As everyone knows (or should know), Bolton Wanderers are in quite a cash crunch, facing some £136 million in debt as of their last financial report (November, 2012). In that report, the club listed a massive £48,385,000 wage bill for the 2011/12 season. That number has since dropped dramatically with Phil Gartside saying on multiple occasions that it had been halved with the likes of Ivan Klasnic and Nigel Reo-Coker leaving after relegation. In addition to that, Wanderers have sold or released some of their highest-earning players over the summer with Sam Ricketts, Martin Petrov, Kevin Davies, and Marcos Alonso finding pastures new.
Many forget that Stu Holden was a trialist at Bolton Wanderers (and Burnley before that) prior to Owen Coyle signing him until the end of the 2009/2010 season. The following September, after recovering from the De Jong leg break, Wanderers announced that Holden had signed a new three year deal, based on the manager's faith, keeping him at the club until the summer of 2013.
It was in the first year of that contract handed to Holden on faith alone that Wanderers fans saw the best of Holden. In the 2010/11 season, it was Bolton pushing for a spot in Europe and it was Stu Holden leading the charge in midfield, establishing him as one of the Premier League's best tacklers. Despite missing the last two months of the season, Holden had one of the highest tackle totals in the Premier League and surpassed that of Fabrice Muamba's, who had made 36 appearances that season, ten more than Stu. It was that ability that left everyone cheering for Holden.
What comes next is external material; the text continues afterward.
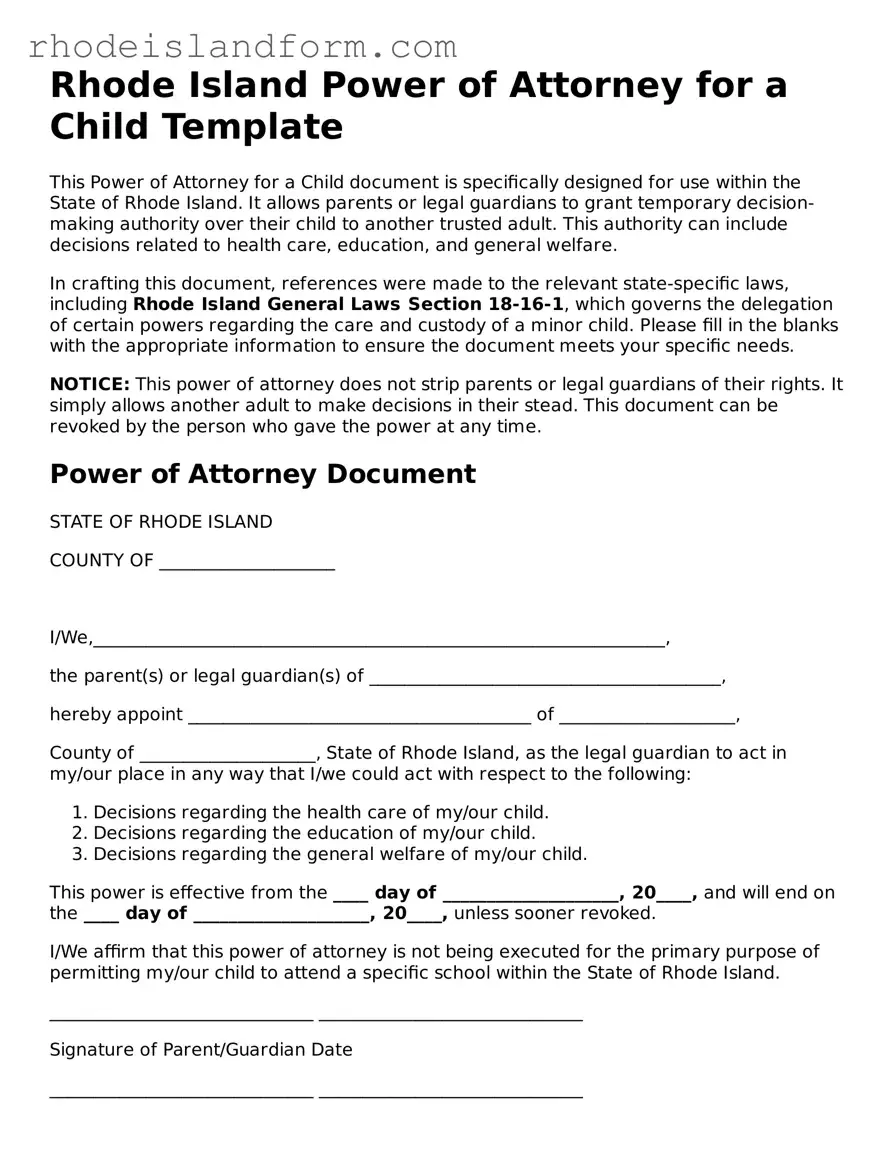 Attorney-Approved  Power of Attorney for a Child Template for Rhode Island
That deal ran out in June but not before Dougie Freedman had offered the player a further year after a promising comeback with a few appearances for Bolton, five for Sheffield Wednesday, and eight for the United States Men's National Team all in the last few months of the 2012/13 campaign and following summer.
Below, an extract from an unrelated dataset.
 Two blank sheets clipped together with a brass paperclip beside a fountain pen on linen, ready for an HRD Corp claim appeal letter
The American's wages are easily more than the $34,728.75 that he made per year in Major League Soccer but they will not have been anywhere near the level of some of the club's highest earners. It begs the question of just how much of an impact Holden's wages really have on an already relatively high wage bill. The player will not be earning nearly as much as people think he is.
Footballers injured in the line of international duty is a pretty common occurrence and as such, many national federations like the Football Association carry personal injury insurance on their players. Holden, hurt playing for the United States Soccer Federation could be covered by such a policy (waiting for confirmation of the fact in the case of the US) which would alleviate much of the financial burden on Bolton.
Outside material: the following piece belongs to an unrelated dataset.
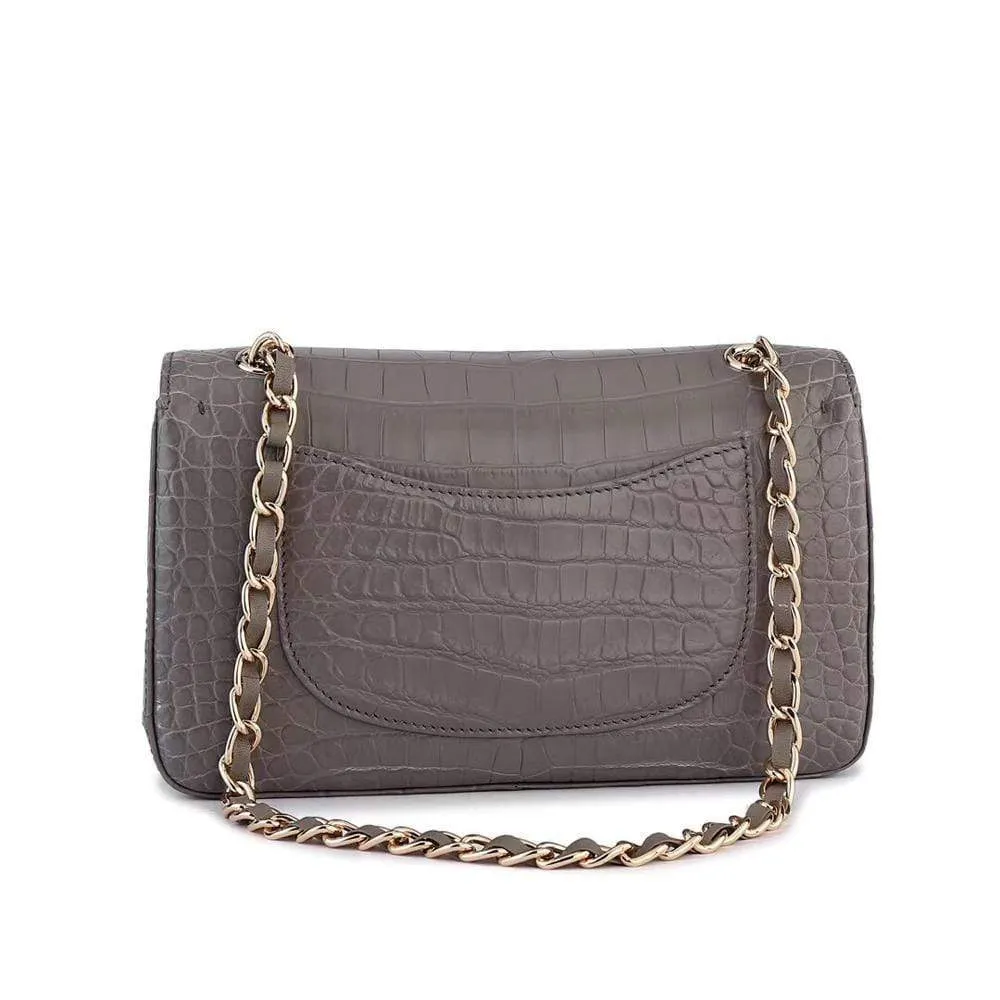 Crocodile  Leather Classic Flap Chain Shoulder Bags For Women Grey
Then, we get to the injuries. Stu Holden has had enough injuries in his relatively short career to last a lifetime already. In 2005, after signing with Sunderland, Holden's eye socket was fractured outside of a bar in Newcastle during an attack. In 2010, Nigel De Jong broke Stu's right leg. In 2011, Jonny Evans' studs caused ligament, bone, and cartilage damage to Holden's left knee. Against Panama last Sunday, Holden tore the anterior cruciate ligament in his right knee. A torn ligament isn't as severe as a ruptured ligament and gives hope that Stu can see a fair bit of game time in the 2013/14 Championship season.
This is a player that has shown an incredible amount of resilience in the face of adversity over the last eight years and he has already made a promise to come back stronger. Instead of completely writing the player off, especially as he is under contract and Wanderers aren't offering anything new just yet, let the man fight to get back.